On Thursday 02 August 2007 08:17, Claus Reinke wrote:
a Monad is a type constructor with two operations, implementing a standard interface and following a few simple rules.
. . . . and this is one of the best definitions i've seen yet. Thanks Claus! i think we need to be looking at "What is a Monad?" issue from the point of view of putting together a Dictionary of Haskell. There's no room for long explanations - just a concise sentence or two that gets to the heart of what a Haskell Monad is. Personally, my feeling is that people are scared by Monads, not because of the name, but because whenever they ask about what a Monad essentially /is/, they get a plethora of less-than-concise explanations that often don't include the sort of straightforward starting definition than Claus has presented here. No wonder Monads seem scary when even experienced Haskell programmers put forward such a variety of attempts to describe what a Monad actually is! (In some ways, i'm reminded of discussions about what continuations are - many definitions are vague and involve hand-waving; only a few seem to provide a straightforward technical definition that doesn't skirt around the guts of the matter.) That's why i've banged on about presenting my own attempt at a concise definition - not because i think my definition is that great at all, but because it at least represents a starting point to work towards developing a concise definition that we can quote and /then/ elaborate on in the way that we think is most likely to convey how Monads work to the querent in question. And again, i really like Claus' elaboration:
the Monad type class tells you the interface (what operations you've got, and their types), the Monad laws tell you what all types implementing that interface should have in common.

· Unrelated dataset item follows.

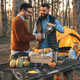 LakeForest® 12-Piece Camping Cookware Set product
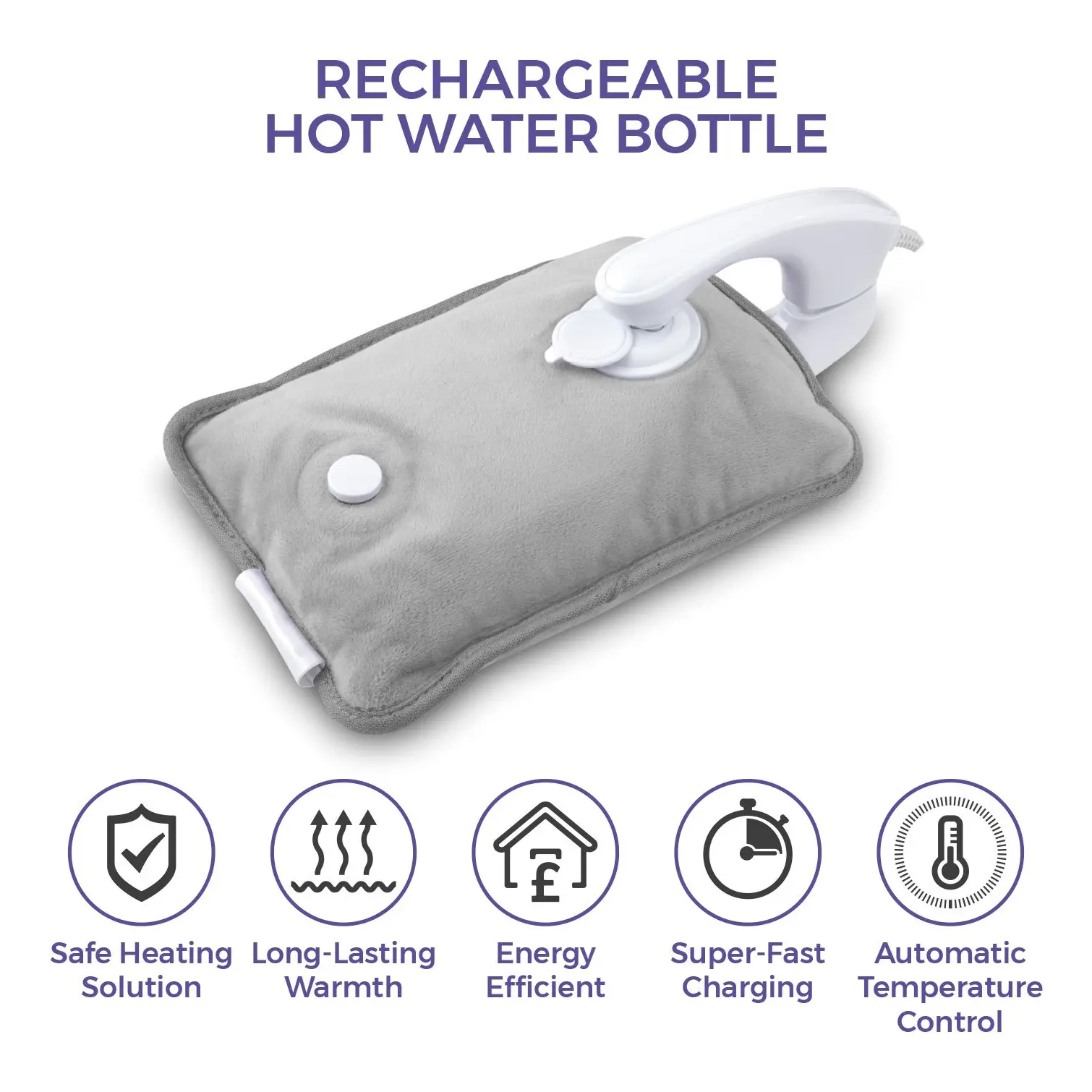 Carmen Rechargeable Hot Water Bottle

the monadic interface gives you two operations, one to throw things into a monad thing (return), and one to chain two monad things together (>>=). the chaining explicitly caters for information flowing from the first to the second parameter of (>>=).
the monad laws tell you two useful facts about monad things thrown together in that way: whatever it is the monad does, anything just thrown into it will take no part in that action, and whichever way you use that chaining operation, the structure of chaining is irrelevant, only the ordering of chained monad things matters.
there are usually other ways to create 'primitive' monadic things, which can be combined into complex monadic structures using the operations from the Monad interface.
there is usually a way to interpret monadic structures built in this way (a 'run' operation of some kind).
Category theorists can define monads concisely using the language of their discipline - surely we can settle on a definition of Haskell Monads that would make sense to any programmer who has mastered basic programming concepts? i would suggest that Claus' definition, above, would be a great place to start. :-) Alexis.